Sources close to the two camps had told SUNDAY PUNCH
in June that President Buhari and senior party officials were still
miffed that Saraki and other party members defied the party and formed
an alliance with the PDP.
During that month, Saraki had paid a
well-publicised visit to former President Olusegun Obasanjo. His aim,
according to reports, was to seek the former president’s intervention in
the crisis. Saraki wanted Obasanjo to pacify the APC leaders on his
behalf. But SUNDAY PUNCH gathered that the former president’s intervention had failed to yield the results desired by Saraki and his camp.
Obasanjo had reportedly told Buhari to
work with Saraki and let the party deal with all the disciplinary
issues. However, the President was said to have been non-committal.
Some senior party leaders however expressed doubts about the viability of Obasanjo’s intervention. They told SUNDAY PUNCH in different interviews that Saraki is an ally of former Vice-President Atiku Abubakar whom Obasanjo is not very fond of.
One of them said, “It is not a secret
that Atiku is solidly behind Saraki. How the Senate President think
Obasanjo will back any move by Atiku is what we don’t understand. Atiku
was the first person that Saraki visited when he emerged as senate
president. The ex-president will definitely not turn Saraki back but
deep in his heart, he knows which camp he belongs to.”
Buhari had reportedly shunned all moves by Saraki to meet him before the senate president’s visit to Obasanjo.
However, the Senior Special Assistant to
the President on Media and Publicity, Garba Shehu, said Buhari was not
avoiding Saraki. Rather, he said, it was the Senate President who had
yet to visit Buhari. When asked specifically when Saraki would be
meeting with the President, Shehu said it was left for the Saraki to
decide.
Last week, Buhari and Saraki were seen
praying together in Abuja in commemoration of the end of Ramadan. Many
said Buhari’s body language during the prayer signified his displeasure.
A former member of the Senate, Olabiyi
Durojaiye, noted that some powerful forces longing to scuttle the
programmes of the APC were responsible for the crisis in the party.
Durojaiye said, ‘‘I think the way out is
to recognise that there are some powerful elements who do not want the
programme of change designed by the APC to succeed. So, we should look
at the bigger picture and the tremendous goodwill the APC party and
government are enjoying nationally and internationally. This is a
personal opinion subject to the majority view of the party. The sum
total of all I have said is that we should work out a formula that will
not lead to any extreme either way.
“For example: Can the party leaders and
elders decide to caution the Senate President but allow him to retain
his position while we insist on all true lovers of progress for Nigeria
to persuade the Deputy Senate President to voluntarily resign his
position while retaining his seat as an ordinary member of the Senate?’’
The leadership crisis however came to a
head when Marafa’s observation that the Senate Standing Orders 2011 (as
amended) had been altered, became a matter of police investigation.
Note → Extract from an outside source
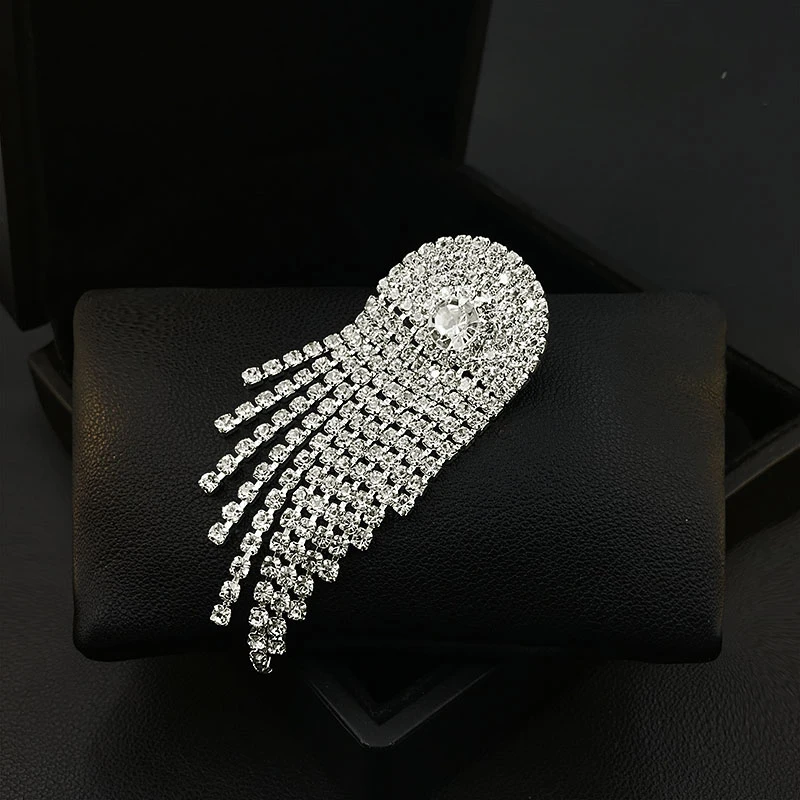 Jellyfish Design Brooch Women's Suit Accessories Fashionable Buckle All-Match Collar Pin Cheongsam Magnetic Corsage Jewelry 5659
Senators loyal to Lawan had petitioned
the security agency over some alterations to the legislative document.
According to them, there are no records of amendments of the 2011 Orders
in the Hansard of the Seventh Senate. Lawan’s loyalists had argued
further that the new Senate Rule was discovered to be different from the
one ratified by the Sixth Senate in 2010, which was used by the Seventh
Senate as Senate Standing Orders 2011.
Marafa said, “We are convinced that there
is a general conspiracy in this country to sabotage the APC government,
particularly the administration of President Muhammadu Buhari. The
Senate standing rule that was reviewed overnight is another pointer to
the fact that the inauguration of the Senate on June 9 and the election
of Saraki/Ekweremadu was part of the planned conspiracy. That is a
criminal conspiracy. Our standing rules were changed. Who changed them?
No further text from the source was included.